Progression then, as it is advocated and imposed in the age of globalisation is actually really the technological imperative (though arguably the Bush Doctrine and its subscribers advocate a moral position on democracy and freedom as intrinsically good commodities). It is a desire to push the technological imperative in society, and use that as a catalyst for moral change, or to just wait long enough for the moral change to occur. It doesn’t take a rocket scientist to understand that in a society where you can push the sale of condoms as sexual safety will casually and unintentionally adopt a looser code of sexual conduct as it gets used to the product and begins to understand all the uses to which it can be put. I would generalise this example, and that societies that transition to the western technology orientated model will inevitably move in the direction set by western societies in terms of social development.

I don’t think it takes a bold social visionary to say that the western model of society is preciously close to failure. America’s deep rooted poverty and self centred focus has been a reason for tears in many parts of the world, not a utopian society of the prosperous in any sense. European integrative socialism and high command economies also totter on the edge of collapse, unable to deal with the social challenges forced upon them by civilisational and religious issues of identity, part of the moral imperative that was so causally dismissed during the middle part of the previous century. Disunity and division sprung by false idols of tolerance and multiculturalism, ideals that are actually incompatible with strong decisive and progressive action promote a fractioning of society, broken of into enclaves of class, race and wealth. While I’m no Marxist and I do not see any revolution of the working classes to be the answer, it does trouble me that this lack of moral dynamism is to be the net path that the modernising world seems to be inclined to take.

There you have the clash of ideals that the concept of Progress encapsulates. The moral imperative is a restraining force on the progress of life, it perhaps prevents the many from living in the best possible of all worlds, but it also creates a thriving cream layer that showcases the best of humanity and its abilities, a system undoable without the support of the multitude. The technological progress is a focus on the many at the expense of the whole, severing people into compartments of material and spiritual needs without understanding the feedback loop that is involved in the process and bringing down the bulwarks upon which the moral imperative is based by its egalitarian process.

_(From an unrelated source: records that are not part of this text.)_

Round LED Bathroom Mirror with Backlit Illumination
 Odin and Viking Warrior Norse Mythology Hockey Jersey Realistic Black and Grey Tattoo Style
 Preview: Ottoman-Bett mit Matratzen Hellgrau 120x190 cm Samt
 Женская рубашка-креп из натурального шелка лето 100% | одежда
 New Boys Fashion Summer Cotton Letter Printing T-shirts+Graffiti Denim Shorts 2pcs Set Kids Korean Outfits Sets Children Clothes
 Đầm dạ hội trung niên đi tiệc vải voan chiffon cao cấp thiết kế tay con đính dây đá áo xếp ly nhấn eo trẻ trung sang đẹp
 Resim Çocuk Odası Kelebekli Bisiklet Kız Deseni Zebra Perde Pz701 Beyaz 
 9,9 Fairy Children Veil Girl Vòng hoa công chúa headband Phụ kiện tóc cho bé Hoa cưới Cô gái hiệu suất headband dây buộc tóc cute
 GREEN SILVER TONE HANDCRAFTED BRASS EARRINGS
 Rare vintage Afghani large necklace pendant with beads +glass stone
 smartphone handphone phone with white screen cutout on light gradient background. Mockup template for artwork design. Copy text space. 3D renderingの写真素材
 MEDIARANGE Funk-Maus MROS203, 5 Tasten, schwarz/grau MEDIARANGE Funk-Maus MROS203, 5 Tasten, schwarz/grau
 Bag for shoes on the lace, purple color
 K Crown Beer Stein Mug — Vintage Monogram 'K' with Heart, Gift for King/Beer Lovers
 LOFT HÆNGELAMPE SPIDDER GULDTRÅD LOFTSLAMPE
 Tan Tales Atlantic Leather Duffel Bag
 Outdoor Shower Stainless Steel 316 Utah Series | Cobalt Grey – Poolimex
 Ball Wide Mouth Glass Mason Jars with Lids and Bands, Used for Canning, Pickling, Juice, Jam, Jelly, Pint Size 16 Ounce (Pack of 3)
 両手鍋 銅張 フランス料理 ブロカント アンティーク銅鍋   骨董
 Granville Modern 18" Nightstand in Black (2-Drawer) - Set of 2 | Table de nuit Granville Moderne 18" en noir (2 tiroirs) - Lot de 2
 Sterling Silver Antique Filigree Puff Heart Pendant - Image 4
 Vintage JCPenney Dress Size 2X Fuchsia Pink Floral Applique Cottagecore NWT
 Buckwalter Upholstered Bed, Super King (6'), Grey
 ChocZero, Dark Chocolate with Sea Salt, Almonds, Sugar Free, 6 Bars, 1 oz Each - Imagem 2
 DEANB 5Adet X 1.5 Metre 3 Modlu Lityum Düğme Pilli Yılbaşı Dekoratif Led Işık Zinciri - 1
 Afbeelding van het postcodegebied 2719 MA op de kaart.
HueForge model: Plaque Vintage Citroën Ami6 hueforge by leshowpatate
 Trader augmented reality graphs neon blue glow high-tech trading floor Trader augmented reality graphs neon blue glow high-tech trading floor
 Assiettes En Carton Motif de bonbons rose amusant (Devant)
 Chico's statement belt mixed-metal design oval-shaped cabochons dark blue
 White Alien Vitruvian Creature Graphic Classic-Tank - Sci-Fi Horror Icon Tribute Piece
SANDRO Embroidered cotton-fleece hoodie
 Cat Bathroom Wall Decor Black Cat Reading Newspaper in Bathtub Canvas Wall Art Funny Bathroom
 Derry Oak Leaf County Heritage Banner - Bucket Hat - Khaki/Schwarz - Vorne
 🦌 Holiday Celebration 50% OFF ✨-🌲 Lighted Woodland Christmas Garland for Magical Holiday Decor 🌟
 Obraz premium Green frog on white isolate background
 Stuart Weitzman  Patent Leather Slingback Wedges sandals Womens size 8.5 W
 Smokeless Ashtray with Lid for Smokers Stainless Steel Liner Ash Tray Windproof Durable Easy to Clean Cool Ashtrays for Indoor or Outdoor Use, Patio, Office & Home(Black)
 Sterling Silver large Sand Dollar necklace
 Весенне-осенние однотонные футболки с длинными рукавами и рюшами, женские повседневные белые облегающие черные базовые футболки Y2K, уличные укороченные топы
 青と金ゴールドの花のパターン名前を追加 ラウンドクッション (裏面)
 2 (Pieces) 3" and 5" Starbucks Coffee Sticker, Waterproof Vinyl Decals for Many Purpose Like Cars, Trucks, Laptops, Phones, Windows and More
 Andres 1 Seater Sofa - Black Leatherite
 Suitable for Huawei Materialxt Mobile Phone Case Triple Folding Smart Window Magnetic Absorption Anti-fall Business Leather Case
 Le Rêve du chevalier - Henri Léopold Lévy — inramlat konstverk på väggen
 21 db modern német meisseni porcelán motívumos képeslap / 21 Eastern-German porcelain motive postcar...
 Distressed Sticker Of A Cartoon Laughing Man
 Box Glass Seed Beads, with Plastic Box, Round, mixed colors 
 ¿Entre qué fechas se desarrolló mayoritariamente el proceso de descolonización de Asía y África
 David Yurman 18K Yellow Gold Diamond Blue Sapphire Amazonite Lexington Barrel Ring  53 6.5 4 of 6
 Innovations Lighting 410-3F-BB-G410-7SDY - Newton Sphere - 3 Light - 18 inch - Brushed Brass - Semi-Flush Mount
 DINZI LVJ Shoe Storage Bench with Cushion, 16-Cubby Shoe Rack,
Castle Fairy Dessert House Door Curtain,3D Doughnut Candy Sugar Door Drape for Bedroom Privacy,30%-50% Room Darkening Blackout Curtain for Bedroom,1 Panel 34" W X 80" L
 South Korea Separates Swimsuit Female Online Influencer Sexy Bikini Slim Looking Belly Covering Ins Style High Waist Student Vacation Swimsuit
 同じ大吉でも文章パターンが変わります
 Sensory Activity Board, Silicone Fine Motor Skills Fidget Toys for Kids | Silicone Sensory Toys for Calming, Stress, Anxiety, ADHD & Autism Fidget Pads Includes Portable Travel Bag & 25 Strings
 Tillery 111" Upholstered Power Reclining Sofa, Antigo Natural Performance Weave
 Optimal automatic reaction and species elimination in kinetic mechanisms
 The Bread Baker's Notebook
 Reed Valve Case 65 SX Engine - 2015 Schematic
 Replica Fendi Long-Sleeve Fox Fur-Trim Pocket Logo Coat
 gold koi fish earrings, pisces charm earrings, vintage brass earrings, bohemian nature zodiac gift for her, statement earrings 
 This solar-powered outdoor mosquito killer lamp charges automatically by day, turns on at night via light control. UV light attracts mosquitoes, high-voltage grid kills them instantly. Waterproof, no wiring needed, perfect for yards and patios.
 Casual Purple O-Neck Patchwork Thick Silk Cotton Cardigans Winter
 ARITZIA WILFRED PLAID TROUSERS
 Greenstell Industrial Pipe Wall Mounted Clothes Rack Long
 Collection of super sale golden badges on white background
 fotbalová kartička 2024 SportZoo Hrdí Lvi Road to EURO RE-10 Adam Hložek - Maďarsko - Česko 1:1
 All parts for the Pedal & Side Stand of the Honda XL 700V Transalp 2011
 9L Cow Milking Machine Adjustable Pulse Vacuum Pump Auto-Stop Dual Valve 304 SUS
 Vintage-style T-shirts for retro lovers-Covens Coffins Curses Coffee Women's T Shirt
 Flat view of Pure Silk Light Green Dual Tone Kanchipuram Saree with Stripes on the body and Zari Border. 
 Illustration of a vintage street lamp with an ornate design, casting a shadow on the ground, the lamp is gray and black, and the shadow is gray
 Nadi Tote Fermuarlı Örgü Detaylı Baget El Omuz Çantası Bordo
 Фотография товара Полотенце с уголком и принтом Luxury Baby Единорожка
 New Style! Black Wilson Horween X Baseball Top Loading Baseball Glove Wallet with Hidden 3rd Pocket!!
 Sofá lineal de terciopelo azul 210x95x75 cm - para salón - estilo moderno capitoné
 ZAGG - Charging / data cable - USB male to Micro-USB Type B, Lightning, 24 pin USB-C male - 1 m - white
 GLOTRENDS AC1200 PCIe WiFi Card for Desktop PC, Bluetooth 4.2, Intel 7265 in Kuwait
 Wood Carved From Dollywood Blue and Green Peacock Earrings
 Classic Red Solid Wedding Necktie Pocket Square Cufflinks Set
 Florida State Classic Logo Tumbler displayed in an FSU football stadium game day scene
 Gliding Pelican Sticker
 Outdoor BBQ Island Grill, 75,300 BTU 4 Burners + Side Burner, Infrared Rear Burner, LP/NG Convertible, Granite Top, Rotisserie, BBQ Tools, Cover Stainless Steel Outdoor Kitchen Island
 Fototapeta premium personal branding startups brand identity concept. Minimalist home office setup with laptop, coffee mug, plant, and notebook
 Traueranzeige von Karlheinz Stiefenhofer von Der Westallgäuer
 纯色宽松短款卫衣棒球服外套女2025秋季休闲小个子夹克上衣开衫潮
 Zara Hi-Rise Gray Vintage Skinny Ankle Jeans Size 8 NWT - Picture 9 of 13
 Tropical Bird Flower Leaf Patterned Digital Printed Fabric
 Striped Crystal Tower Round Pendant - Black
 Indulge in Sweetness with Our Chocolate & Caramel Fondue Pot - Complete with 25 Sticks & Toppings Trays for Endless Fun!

I cannot shake the conception that this sacrifice has been made too readily and without any clear understanding of what was lost. The moral imperative has been displaced, perhaps lost from many societies, and failing to recognise their loss as a loss, perceiving it instead as liberation, they argue that all societies should pass down the path of the technological imperative so as to create their vision of a utopia based on the satisfaction of material needs as primary criteria. I think too much of the human soul, the human society and the independent essence of civilisations are casually abandoned in such changes, and I find myself cheering the people of Bhutan and their enlightened leadership, who know that such things should only be taken slowly and in the smallest of baby steps.

The scintillating nature of possibilities is a phenomenon that you are unable to comprehend until you find yourself in the midst of a situation where it rebounds upon itself, creating a heightened sense of its own importance. Causes, effects, options, differences, all shimmer before the eye of the mind in a mind numbing circle of slight variations all commendable in their own rights and equally uncertain and with tenuous results all clearly visible to the minds eye. To this bewitching dilemma, if time sufficiently compressed and dilated can be attached, the vision swims exceedingly fast while the mill of the mind grinds exceedingly fine, creating a problematic swirling mist.

The mind computes these multiplying options endlessly, visions fleetingly flashing across the mind’s eye, slight changes to simple situations with significant consequences,consequencess we probably have only guessed at, most of our guesses probably wrong. Somehow we remain convinced of the false belief that enough thought, enough rationality, enough analysis will enable it to give a clear answer to a question that is beyond the intrinsic ability of the mind to solve, dependant on variables so far beyond its control that restriction is not a possibility and all results are those of rough and ready calculations done on the back of a tissue, with rough approximations and greater or lesser error margins that are themselves unknowable.

The result hits hard and with a cold kernel of truth; its core assertion that this endless shimmying visage is not sustainable, that eventually there will come a moment when all the probabilities must be removed and certainty acquired by a moment of decisive violence. This endless succession of alternatives is not sustainable, and indeed life would not be livable if we were to dwell in the realm of past “‘what ifs”. At the core we understand that the past must be shrouded over, the realms of probability forgotten by the weakness of human memory. The only veils we draw our attention to is that of future choices, all the while knowing that they too are temporary. The fog must be dispersed, for that is the nature of fog.